Implementation: `express-rate-limit` middleware with a 10-request / 15-minute window per IP, applied to `POST /api/cms/user/login` and `POST /api/cms/user/` (registration). Returns HTTP 429 with a structured error body on limit exceeded.
### Positive Consequences
* Brute force and credential stuffing attacks are throttled to 10 attempts per 15 minutes per IP.
* Legitimate users (at most a few login attempts per session) are unaffected.
### Negative Consequences
* IP-based rate limiting can be bypassed by attackers rotating IPs or using proxies.
* Shared NAT environments (office networks, VPNs) could hit the limit if multiple users attempt to log in simultaneously from the same IP. The 10-request window is generous enough to make this unlikely in practice.
* If the API is ever placed behind a reverse proxy, `trust proxy` must be configured in Express so that the correct client IP is used rather than the proxy IP.
## Pros and Cons of the Options
### No rate limiting
* Good, because no false positives.
* Bad, because unlimited brute force attacks possible.
### Global rate limiting
* Good, because protects all endpoints uniformly.
* Bad, because risks throttling legitimate use of analytics or data sync endpoints.
### Targeted rate limiting on auth endpoints
* Good, because protects the highest-risk endpoints without affecting others.
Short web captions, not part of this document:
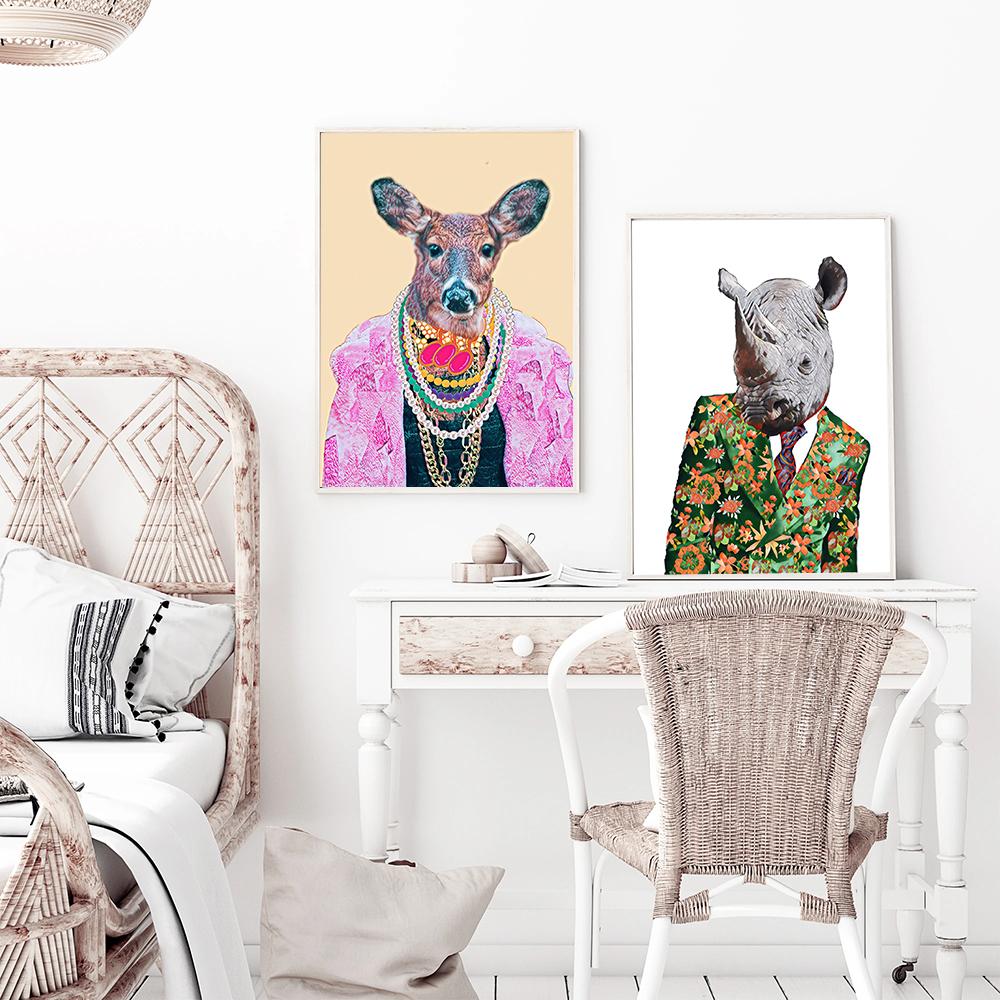 Koala Highland Cow Pauw Portrait Poster Gift Fun Fashion Alligator Deer Queen Rhino Print Animal Canvas Oil Painting Home Decor
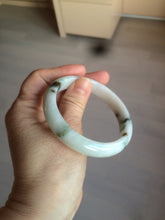 Load image into Gallery viewer, 56.5mm certified type A 100% Natural dark green/white jadeite jade bangle BG75-1837
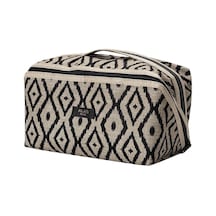 Desenli Büyük Makyaj Ve Saç Düzleştirici Çantası 38x16x16 Cm Siyah-bej Fermuarlı Organizer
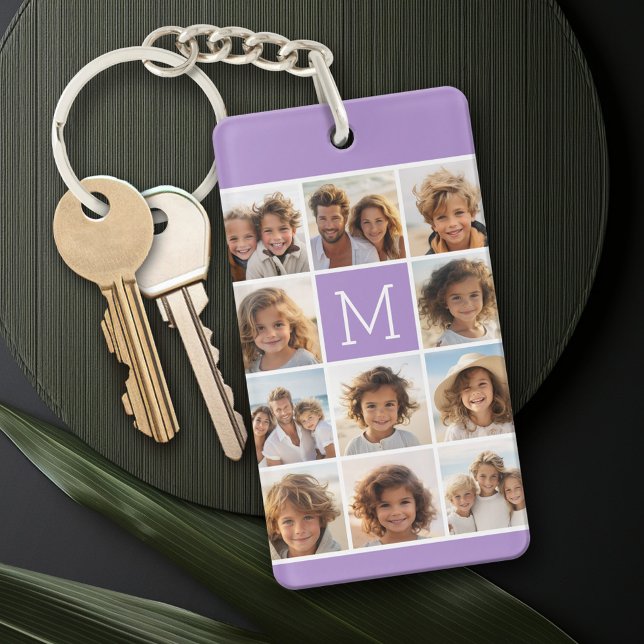 11 Photo Grid Collage with Monogram Key Ring (Personalized Keychain with a photo collage)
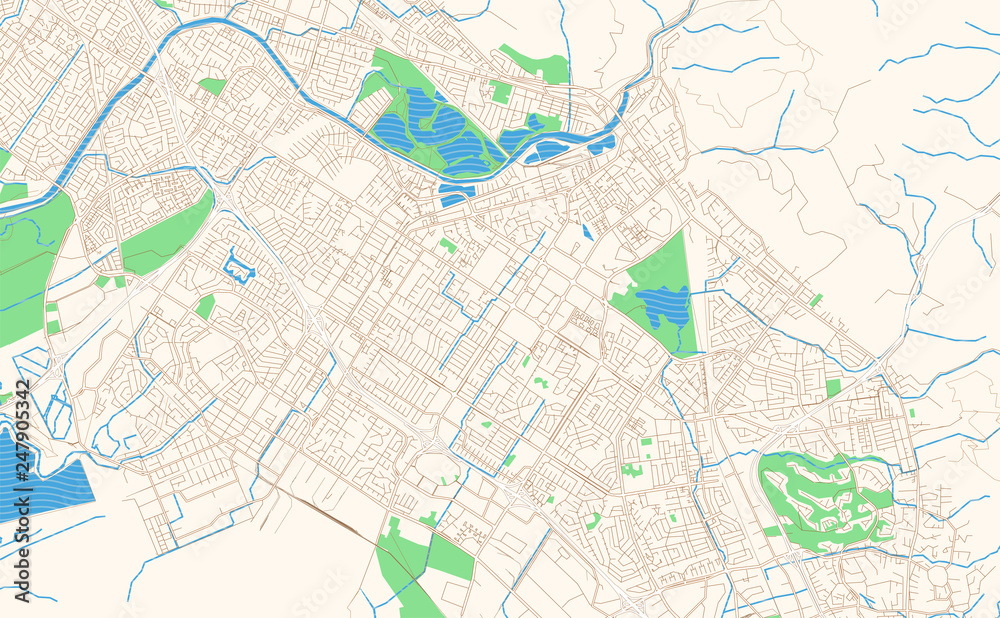 Obraz premium Fremont California printable map excerpt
* Good, because easy to tune per endpoint independently.
* Bad, because other endpoints (e.g. password reset, if added later) must be manually included.
## Links
* Related to [ADR 0006](0006-jwt-authentication.md) — rate limiting protects the JWT issuance endpoint.
* Related to [ADR 0008](0008-hmac-sha256-api-key-hashing.md) — API key auth endpoint is protected by the deterministic hash lookup rather than rate limiting.